Oh, that Bluevado pie filling looks great!

Gerry Pugliese - January 2, 2008 1:23 PM

Hey Llouise-

Avocados simply kick butt!

So, are you going to help out with Operation Banana Hunt?

Peace.
-Gerry

Ambulance Nurse - January 8, 2008 11:55 AM

Hello Gerry, thanks for tasty recipes :)

Can you provide me with additional information about calorific capacity?

Gerry Pugliese - January 8, 2008 1:18 PM

Hey Ambulance Nurse-

Dr. Fuhrman isn't much for buzz words, but, this post will give you an idea about calories and stomach capacity:

http://www.diseaseproof.com/archives/weight-loss-foods-that-make-you-thin.html

Peace.
-Gerry

Tom J - July 25, 2010 1:00 PM

I'm really disappointed with the chocolate cake recipe. I like experimenting with recipes and this one looked interesting. It is awful. I followed the recipe exactly.

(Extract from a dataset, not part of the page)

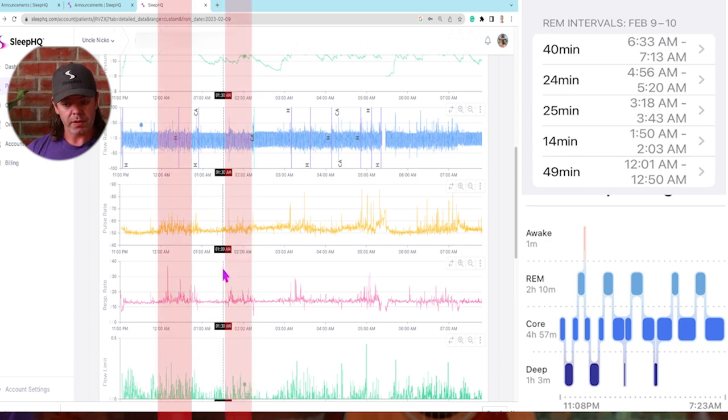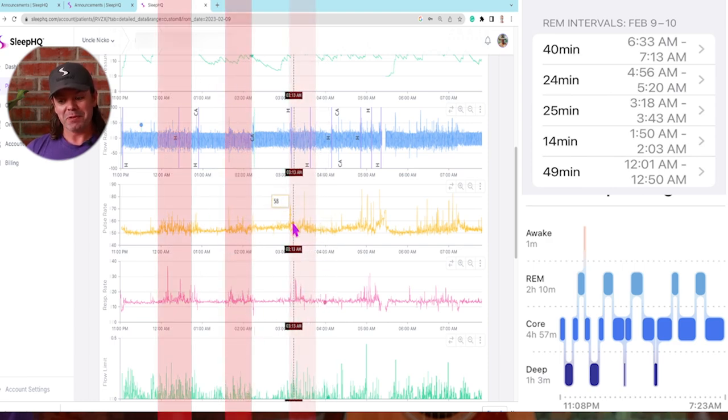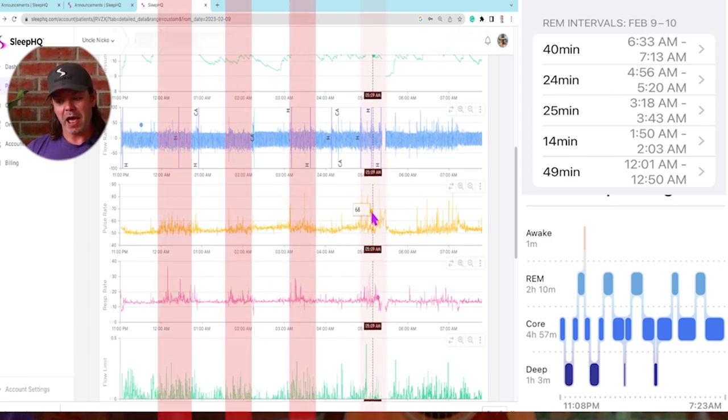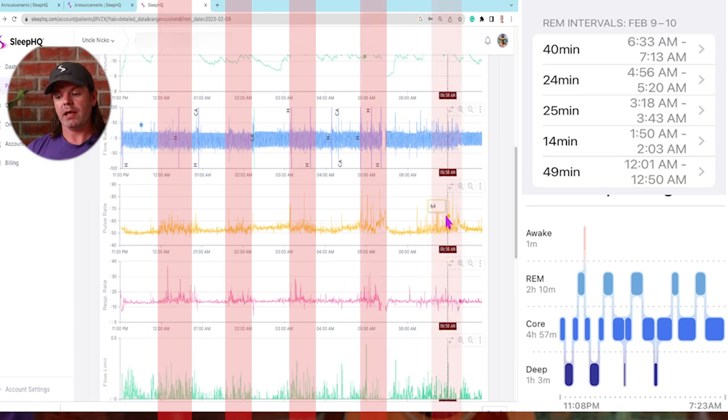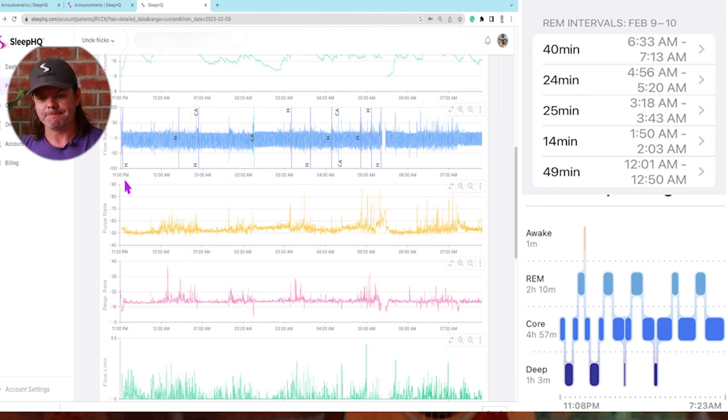I can see another period here. I can see another period here, another one here, and another one here. Let's see if they match up with those timestamps.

The sides and bottom of the cake burned and the inside is still gooey. It tastes like a gooey vegetable pudding with a very mild chocolate sauce on top. A huge waste of time and money, given the expensive ingredients

Elizabeth M - April 12, 2011 10:28 PM

I just made the chocolate cake today and it is awesome! Delicious and moist. It is dense and certainly not Duncan Hines Cake, but we love it. My cake did not burn and was done inside. Three of us made it together in my family and it was fun! Look at the nutrition in this!

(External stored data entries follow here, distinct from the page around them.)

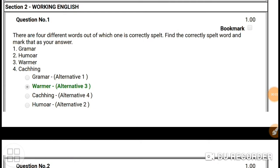Hey guys, welcome to my video. In this video I am going to teach you 20 important English questions which are important for NDPC exam, SSC, etc. So I am going to start from the first question.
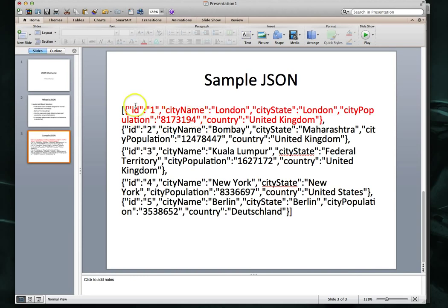Let's take a look at just this first record in key-value pair format. Key-value pair simply means there's going to be a key — like in this case it's ID, city name, city state, city population, country — and each key has an associated value. So here you see the ID is one, city name is London, city state is London, population, country, and kingdom. All of the remaining records take the exact same format, which makes it extremely easy to traverse through the structure and use it. It's easy to read for us as humans as well.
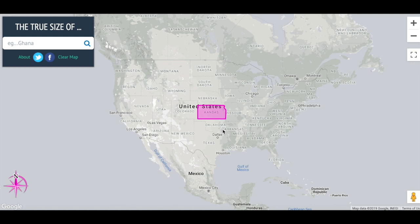Hello, YouTube. Today I'm going to show you how a map is different than a globe for obvious reasons.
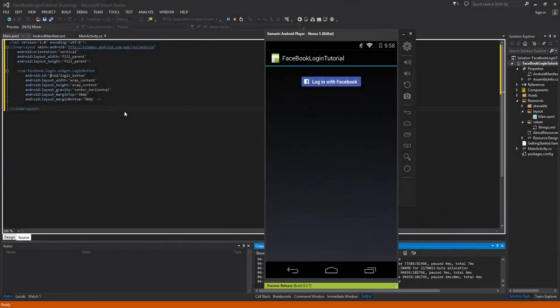Welcome to the 68th Xamarin Android tutorial. This video is going to concentrate on using the Login Manager, as opposed to the Login Button which we used in the last video to log into the Facebook SDK.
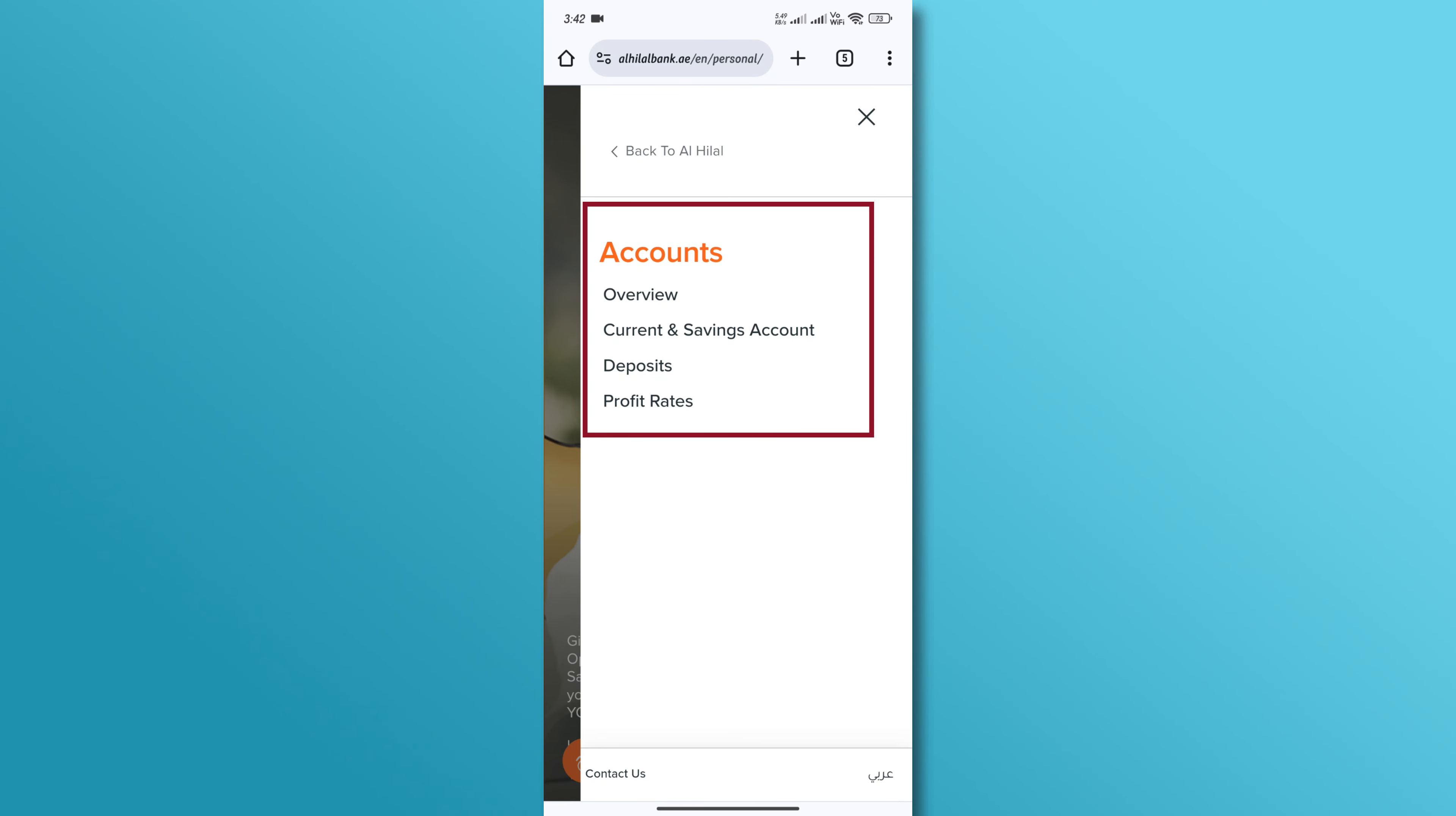In the account section, select the type of business account you want to open. You will see options like current account, savings account, etc. Choose the one that best suits your business needs.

Dp - August 27, 2011 6:09 PM

I had a similar experience with the cake, but I solved it by leaving it in the oven quite a bit longer and changing my expectations. It's not cake like we are used to, because that is junk food relying on processed and unhealthy ingredients. What it is, is a tasty, healthy dessert that even my kids love -- as long as I don't try to make them think it's cake like they get at their grandparents' house when I'm not around.
Why not call it pudding, or molten chocolate cake?